Patriota y poeta, también dramaturgo, Francisco J. Pichardo, como siempre firmó, figura en el nutrido haz de escritores —buena parte de ellos poetas— que pudiéramos denominar de entre siglos y que merecen un recuerdo porque, en su momento, integraron el panorama intelectual cubano de las décadas iniciales del pasado siglo.
Más o menos contemporáneo de Julián del Casal (diez años mayor), de Dulce María Borrero y de René López (diez y ocho años menores, respectivamente), es Pichardo el menos recordado y, tal vez, el de una personalidad menos luminosa, aunque aún así se le tuviera en alta estima.
Nació el 13 de marzo de 1873 —150 años atrás— en Puerto Príncipe. Cursó los estudios en las Escuelas Pías de la ciudad natal y entre 1891 y 1898 publicó en la prensa camagüeyana, hasta graduarse de bachiller. Viajó a México en 1896 donde permaneció por más de un año y al regreso se incorporó a las fuerzas independentistas, junto a dos de sus hermanos.

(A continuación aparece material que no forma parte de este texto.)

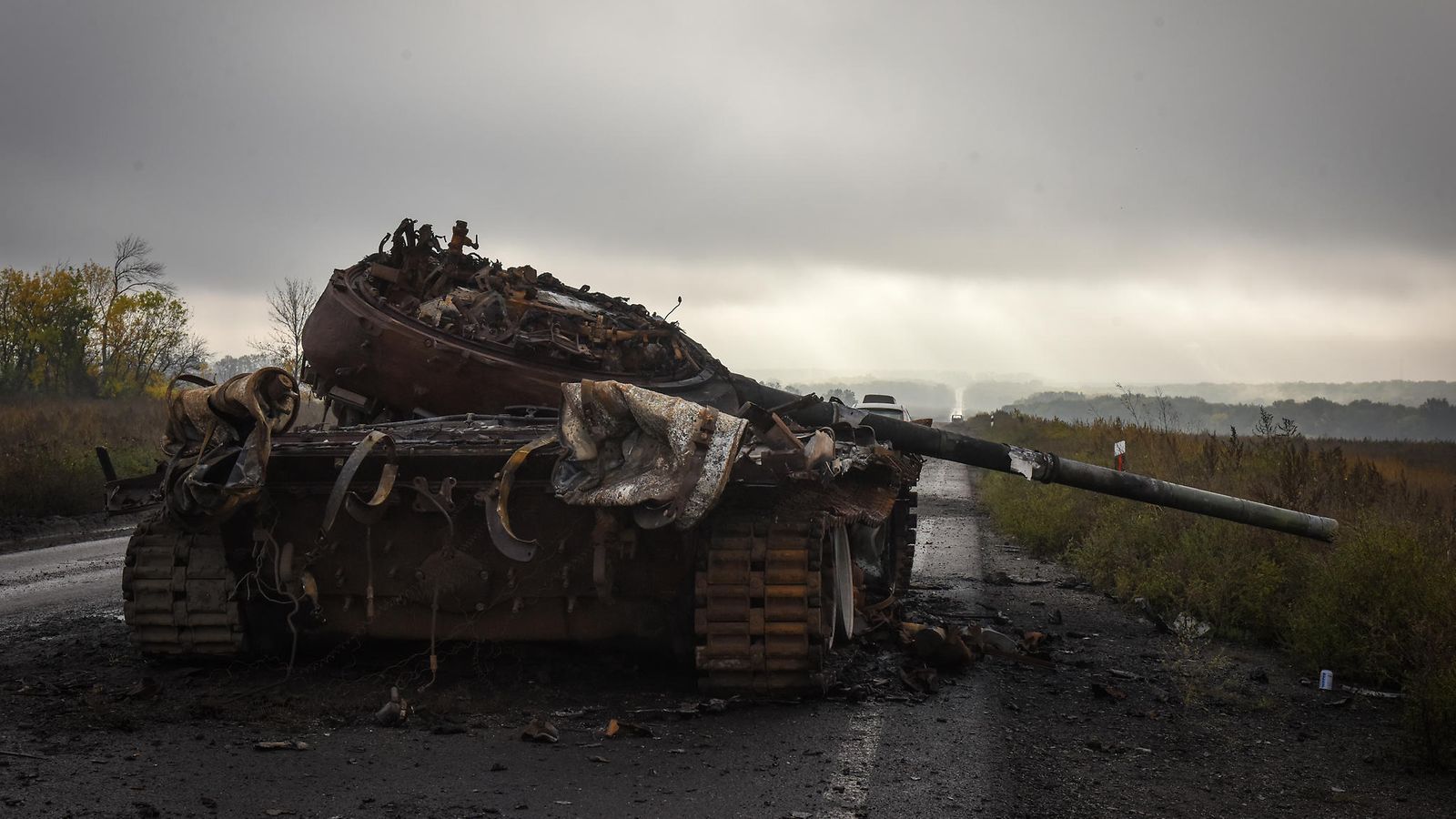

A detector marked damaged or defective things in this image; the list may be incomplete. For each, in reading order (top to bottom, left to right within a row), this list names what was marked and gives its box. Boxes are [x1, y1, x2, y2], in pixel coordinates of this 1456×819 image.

burned metal [108, 217, 1340, 699]
burnt wreckage [108, 219, 1340, 699]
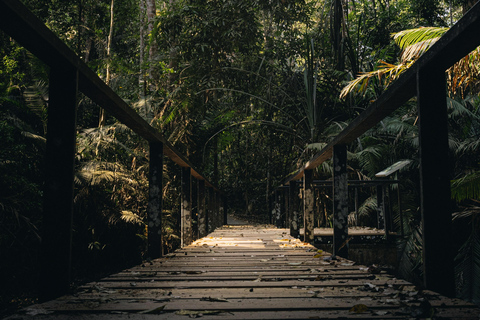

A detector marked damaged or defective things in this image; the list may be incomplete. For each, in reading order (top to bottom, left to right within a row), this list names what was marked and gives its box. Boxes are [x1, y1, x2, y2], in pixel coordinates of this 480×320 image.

Con la república siguió colaborando en la prensa, escribió piezas teatrales breves y por último se alejó de la literatura. De carácter retraído, no era de los concurrentes a las tertulias literarias donde lidiaban los poetas con sus versos inéditos ante un auditorio que les criticara o aplaudiera, y su único libro se publicó en 1908 con el título de Voces nómadas. Después, se afirma, y aunque vivió muchos más años, su producción poética resultó escasa y hasta su propia persona se diluyó entre sombras.
Sin embargo, su cuerda, la de la poesía rimada, y dentro de ella la de los metros más usuales, pero también otros no tanto, no está carente de formas audaces, como señala el crítico Max Henríquez Ureña, quien nos invita a detenernos ante una muestra de su verso de dieciocho sílabas, en estrofas de cuatro y cinco versos que reflejan un cuidadoso dominio de la versificación y un trabajo extenuante y tormentoso de autoedición y limpieza.
Véase en «Confiteor»:
Yo, rimador de pensamientos tristes y de palabras mustias,
soñador de purezas cariñosas y de caricias puras,
constante enamorado del Destino, del Hado y la Fortuna,
confieso los delitos que en mi alma pecadora se ocultan
y a mí mismo, con hondas inquietudes, de mi falta me acuso.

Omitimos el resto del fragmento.